◆ Stored entries:
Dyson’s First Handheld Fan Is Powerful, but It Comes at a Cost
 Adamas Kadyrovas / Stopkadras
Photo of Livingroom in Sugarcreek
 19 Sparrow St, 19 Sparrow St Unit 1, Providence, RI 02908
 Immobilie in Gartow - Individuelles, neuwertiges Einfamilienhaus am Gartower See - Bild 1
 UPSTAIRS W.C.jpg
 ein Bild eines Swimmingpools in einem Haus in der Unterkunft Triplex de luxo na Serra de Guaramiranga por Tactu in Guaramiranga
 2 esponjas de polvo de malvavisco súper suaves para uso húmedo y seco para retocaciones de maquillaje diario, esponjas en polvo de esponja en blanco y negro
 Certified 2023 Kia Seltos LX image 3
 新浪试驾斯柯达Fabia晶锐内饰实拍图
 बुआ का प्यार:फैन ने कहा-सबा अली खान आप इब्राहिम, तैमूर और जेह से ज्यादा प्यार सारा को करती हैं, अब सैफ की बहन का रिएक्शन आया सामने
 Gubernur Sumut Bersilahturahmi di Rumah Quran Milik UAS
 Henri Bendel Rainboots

◆ Action item: Check each line above for the word "Bild", and copy the lines where it appears.

◆ Written response:
 Immobilie in Gartow - Individuelles, neuwertiges Einfamilienhaus am Gartower See - Bild 1
 ein Bild eines Swimmingpools in einem Haus in der Unterkunft Triplex de luxo na Serra de Guaramiranga por Tactu in Guaramiranga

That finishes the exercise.